His online begging didn’t work. McCain’s tweet was met with wide social media derision as hundreds of people decided to stop following him. Some unfollowed the senator because they disapproved of his “yes” vote on the recent tax reform bill. Others commented they stopped following because they felt it was lame that someone would stoop to beg for followers.
Despite McCain’s social media awkwardness, true social media rock stars walk among us. They know how to command large social media audiences and expertly grow them. They often are barely old enough to vote. These social media stars are taken seriously because legions of people (especially millennials) pay attention to what they say and do. Advertisers are constantly on the lookout for emerging social media “talent.” This so-called talent, whose primary tool is a smart phone, can surface anywhere.
The Barley House, a popular bar and nightclub in downtown Cleveland, is experiencing a social media lesson in real time.
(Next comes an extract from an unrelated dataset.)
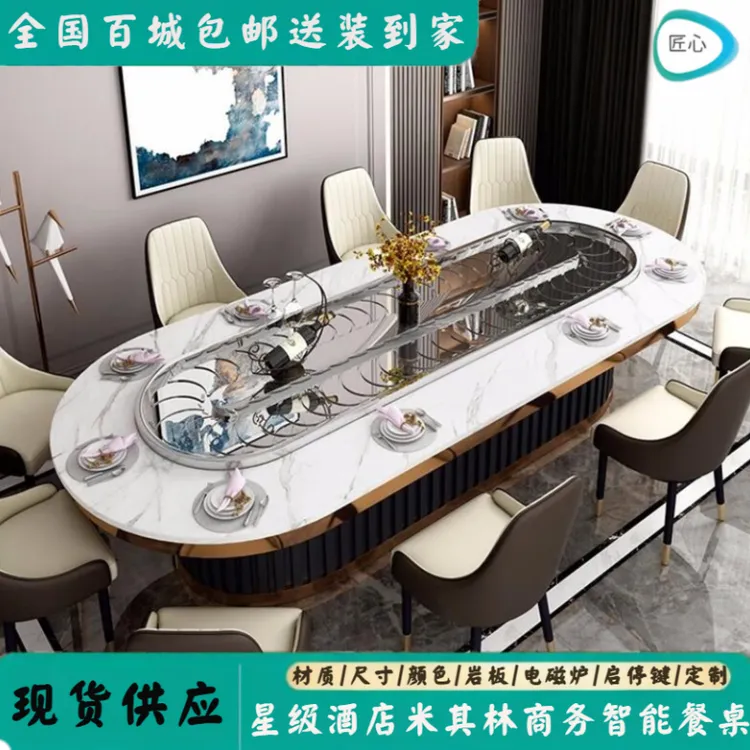 酒店餐桌大圆桌椭圆形电动旋转火锅桌饭店宴会饭桌8-10人岩板圆桌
The establishment, which I have enjoyed over the years, is currently caught in the middle of a contentious social media soap opera.
The business was forced to go to court this week because it says its employees are being harassed, some receiving cyber and phone threats by followers of Alisa Violet and Ricky “FaZe” Banks, a duo said to be social media stars.
Violet and Banks left the Barley House in an agitated state early on the Sunday morning after Thanksgiving. They apparently were encouraged to leave by the establishment. The couple, who were visiting from California, claim they were treated rudely and aggressively by the club’s bouncers, allegations that the club’s management denies.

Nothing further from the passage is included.